* _Problem details_
Starting at the line with "Apartamento à venda", copy each line through the last one below exactly as written, without any pictures.

* _Provided data_
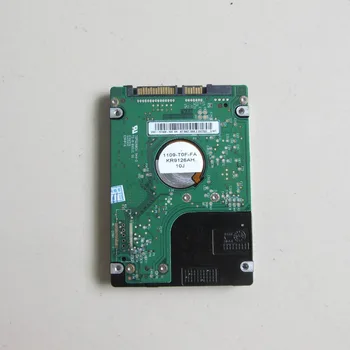 RCOBD Version 2019.07 for BMW ICOM A2 ICOM A2 B C Software hdd for BMW ICOM A2 Expert Mode (D4.11+P 3.64) Support 19 languages
RCOBD Version 2019.07 for BMW ICOM A2 ICOM A2 B C Software hdd for BMW ICOM A2 Expert Mode (D4.11+P 3.64) Support 19 languages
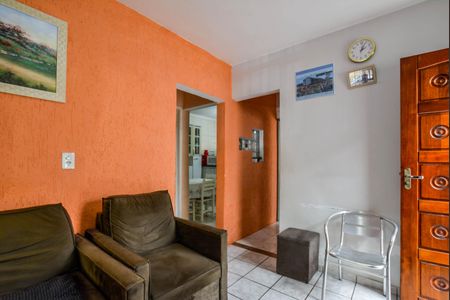 Apartamento à venda com 144m², 3 quartos e 2 vagasSala 1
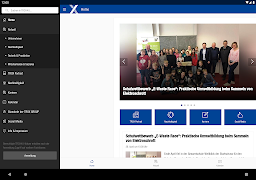 TROX4U اسکرین شاٹ 4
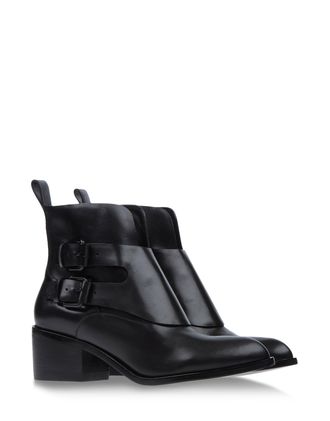Ankle boots - ALEXANDER WANG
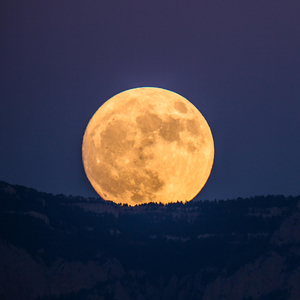 Moon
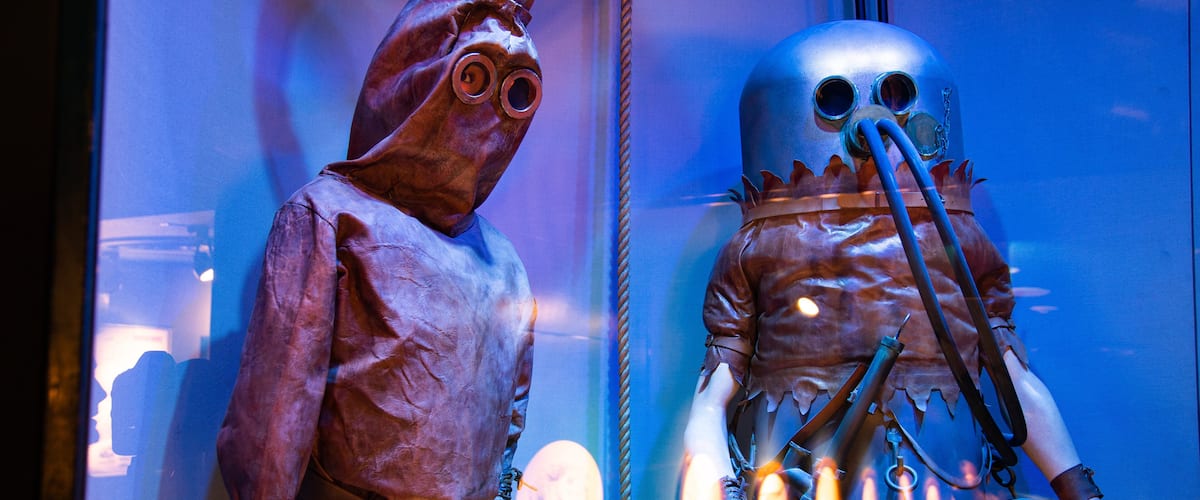 Port of Nagoya Aquarium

* _Completed task_
 Apartamento à venda com 144m², 3 quartos e 2 vagasSala 1
 TROX4U اسکرین شاٹ 4
Ankle boots - ALEXANDER WANG
 Moon
 Port of Nagoya Aquarium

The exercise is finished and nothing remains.